Management was bringing in employees who claimed they couldn't read it, and said they had difficulties with the language.. The testimony was comical. The translators that management brought in were at the hearing. Inadvertently, someone would ask a question in English, and they would answer it before the translators could.

These were all card dealers, of course they understand English. But it is a textbook example of how they abuse the system to delay union victories. If you get unions to get the cards, we don't have to go through these hearings.
Rep. Courtney is a decent fellow and, by all accounts, is doing well representing a difficult district..  But is Rep. Courtney referring to the lawyers who defended Foxwoods as mere "hired guns" that ought to be criticized for defending their clients?

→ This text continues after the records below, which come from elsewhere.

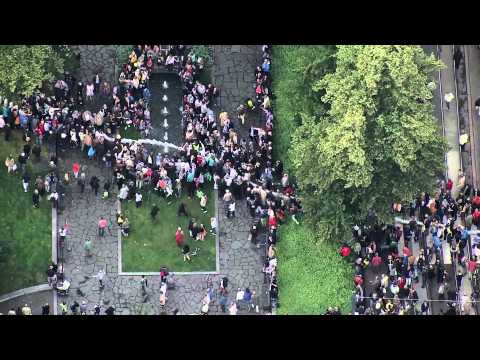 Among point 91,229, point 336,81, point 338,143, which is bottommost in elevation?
point 91,229

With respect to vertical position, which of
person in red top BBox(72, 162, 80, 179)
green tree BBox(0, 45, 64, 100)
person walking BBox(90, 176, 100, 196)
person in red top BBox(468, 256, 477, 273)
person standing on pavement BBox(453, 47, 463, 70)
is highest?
person standing on pavement BBox(453, 47, 463, 70)

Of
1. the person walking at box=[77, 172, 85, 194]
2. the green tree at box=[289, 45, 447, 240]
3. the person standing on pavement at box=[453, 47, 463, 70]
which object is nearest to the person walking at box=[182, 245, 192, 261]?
the person walking at box=[77, 172, 85, 194]

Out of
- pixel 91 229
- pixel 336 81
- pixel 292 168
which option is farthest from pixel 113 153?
pixel 336 81

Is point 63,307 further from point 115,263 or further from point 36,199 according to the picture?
point 36,199

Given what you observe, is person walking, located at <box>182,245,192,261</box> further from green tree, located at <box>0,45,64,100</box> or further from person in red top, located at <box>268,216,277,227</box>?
green tree, located at <box>0,45,64,100</box>

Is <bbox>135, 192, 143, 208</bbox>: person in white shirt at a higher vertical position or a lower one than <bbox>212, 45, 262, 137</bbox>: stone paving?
lower

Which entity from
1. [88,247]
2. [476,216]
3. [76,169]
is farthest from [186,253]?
[476,216]

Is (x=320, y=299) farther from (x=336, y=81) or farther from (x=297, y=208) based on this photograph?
(x=336, y=81) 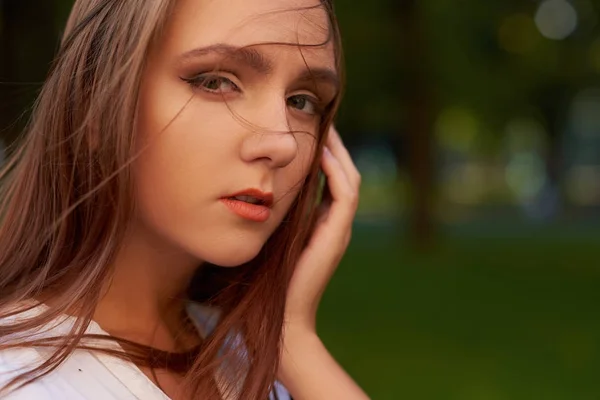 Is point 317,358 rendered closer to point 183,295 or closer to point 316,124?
point 183,295

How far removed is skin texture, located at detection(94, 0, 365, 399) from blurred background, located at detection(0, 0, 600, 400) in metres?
0.52

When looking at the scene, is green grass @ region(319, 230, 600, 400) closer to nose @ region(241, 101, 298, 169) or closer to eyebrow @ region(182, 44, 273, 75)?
nose @ region(241, 101, 298, 169)

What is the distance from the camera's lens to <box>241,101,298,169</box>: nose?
166 cm

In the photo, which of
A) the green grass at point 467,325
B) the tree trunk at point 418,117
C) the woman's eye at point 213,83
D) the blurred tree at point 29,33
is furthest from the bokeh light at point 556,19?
the woman's eye at point 213,83

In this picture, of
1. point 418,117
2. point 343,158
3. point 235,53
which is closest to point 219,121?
point 235,53

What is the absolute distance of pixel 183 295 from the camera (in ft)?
6.86

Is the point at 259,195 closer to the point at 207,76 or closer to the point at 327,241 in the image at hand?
the point at 207,76

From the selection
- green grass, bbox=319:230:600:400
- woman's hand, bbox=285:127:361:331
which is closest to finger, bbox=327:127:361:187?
woman's hand, bbox=285:127:361:331

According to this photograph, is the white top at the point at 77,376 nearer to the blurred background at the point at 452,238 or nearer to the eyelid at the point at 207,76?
the eyelid at the point at 207,76

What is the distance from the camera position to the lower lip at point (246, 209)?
170 centimetres

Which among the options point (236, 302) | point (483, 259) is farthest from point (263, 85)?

If that's the implication -- and its a bit unclear from the statement -- that seems particularly harsh and unnecessary.  Whatever one thinks about Foxwoods (and if you ask 100 people, you'll get 100 opinions), it's unfair to challenge the attorneys merely for representing their client.  Our system of justice demands that each party -- no matter how disliked -- be given a full and fair opportunity.  Foxwoods should be no exception.

Moreover, it's not like the Foxwoods' appeal on the language issue was frivolous.  Indeed here, even the Hearing Officer stated that he would've handled the election differently and translated the ballots at issue.  Given the high burden of proof necessary to overturn an election, it's probably not enough to carry the day but we'll have to wait a few more weeks until the decision on the election is issued.

In the meantime, Rep. Courtney is obviously willing to keep pushing the Employee Free Choice Act.  How far will that battle take him? We'll just have to wait to find out.  However, even he suggests some excitement ahead: "The Card Check Act, that is the battle to be watching."